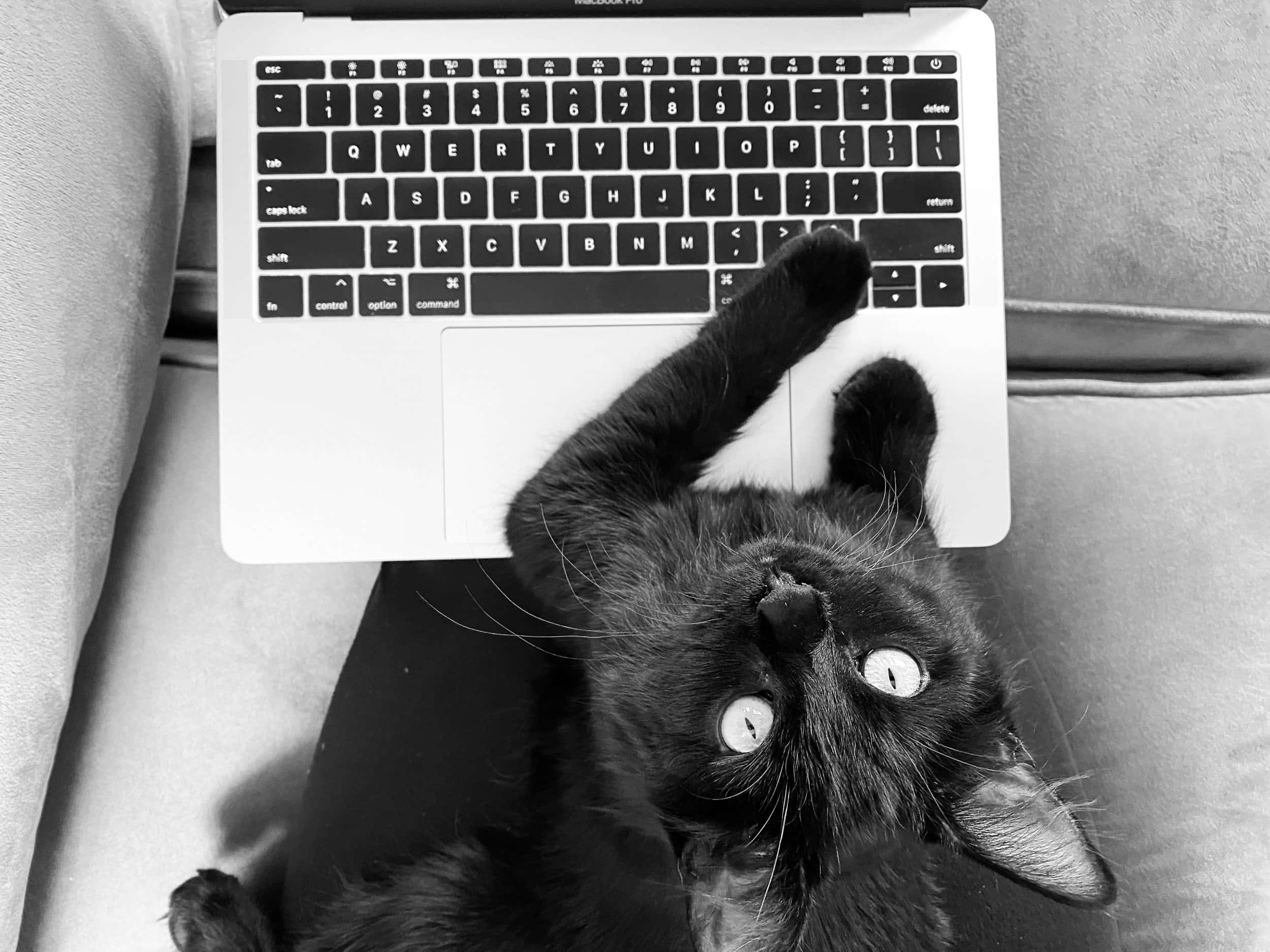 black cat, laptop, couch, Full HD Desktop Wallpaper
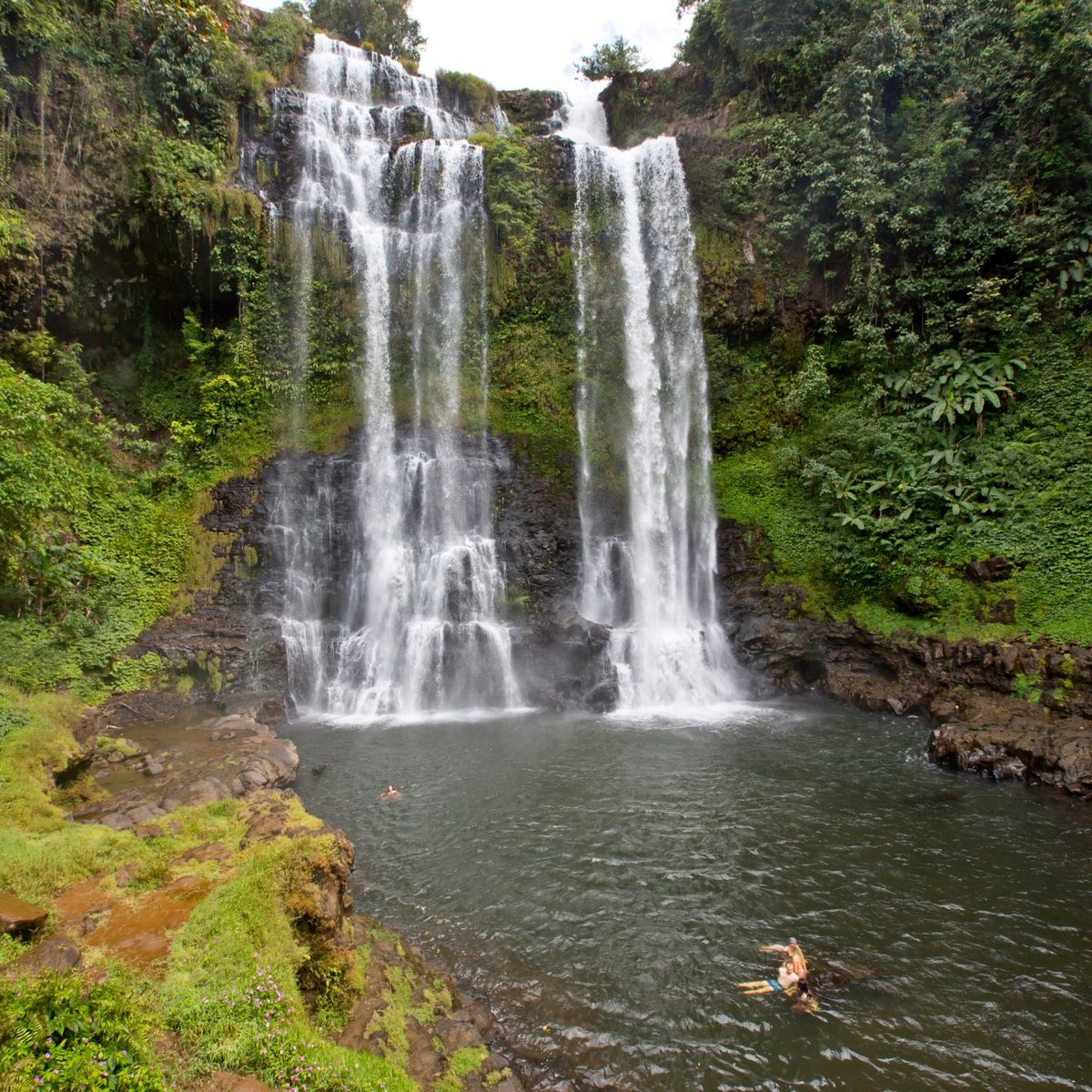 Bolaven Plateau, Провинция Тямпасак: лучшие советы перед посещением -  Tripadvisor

* * *

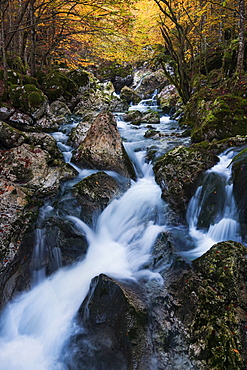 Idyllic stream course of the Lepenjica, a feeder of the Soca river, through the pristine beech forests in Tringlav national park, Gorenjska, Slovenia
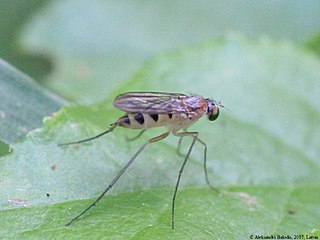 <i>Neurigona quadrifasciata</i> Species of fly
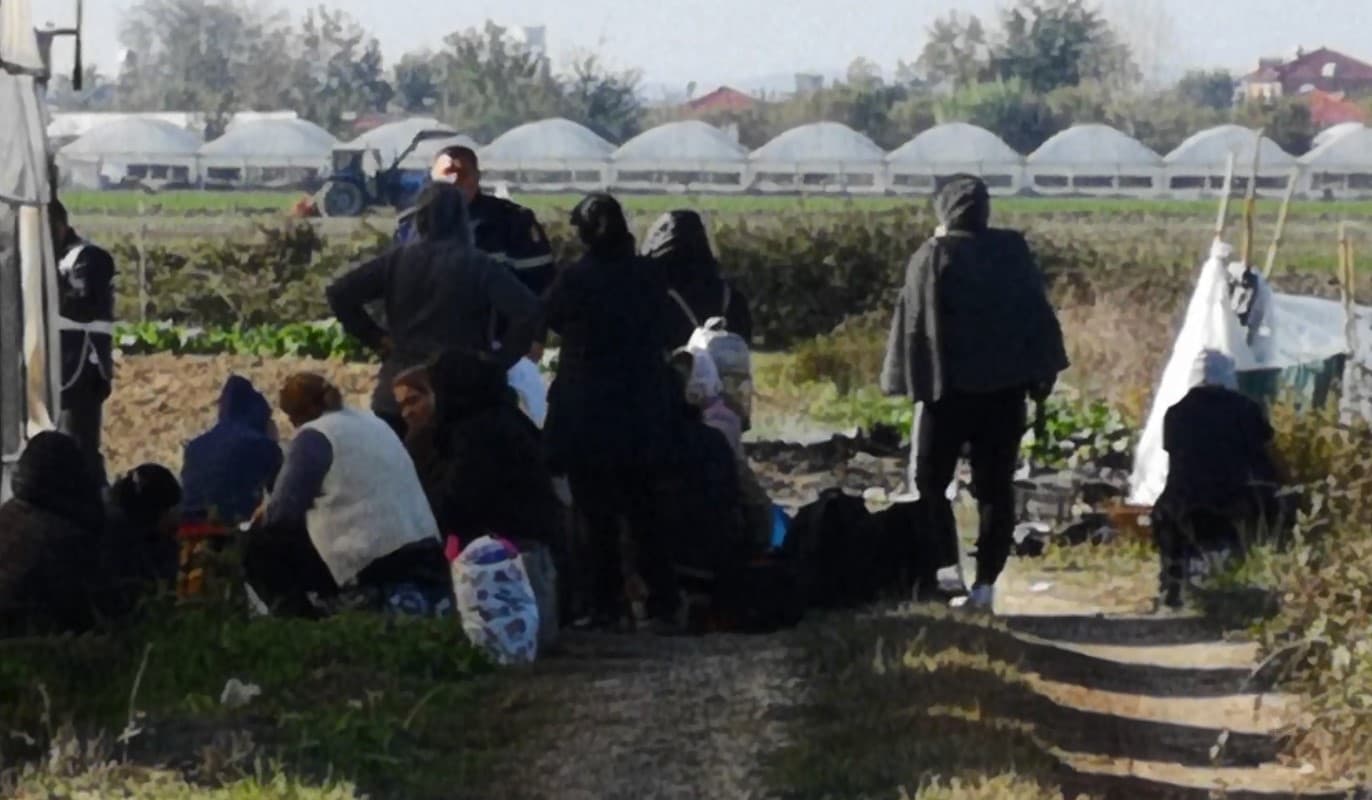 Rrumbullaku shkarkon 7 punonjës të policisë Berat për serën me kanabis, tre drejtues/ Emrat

--

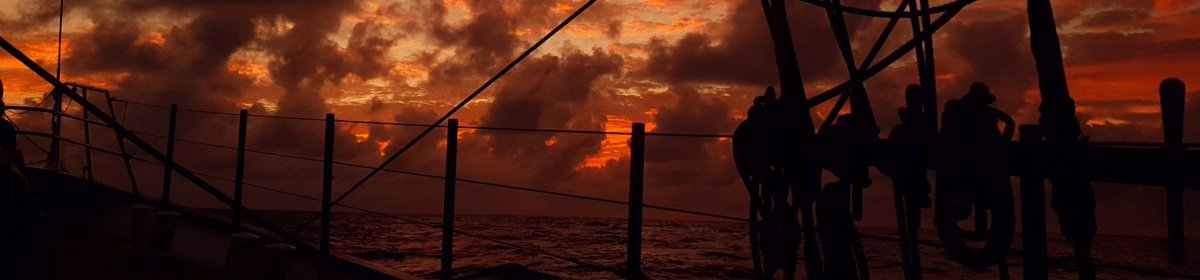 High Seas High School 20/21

§ TASK ITEM
Your reply should hold nothing but the lines above, from the one containing "<i>Neurigona quadrifasciata</i> Species" to the one containing "Rrumbullaku shkarkon 7", reproduced exactly minus the pictures.

§ PROBLEM SOLUTION
 <i>Neurigona quadrifasciata</i> Species of fly
 Rrumbullaku shkarkon 7 punonjës të policisë Berat për serën me kanabis, tre drejtues/ Emrat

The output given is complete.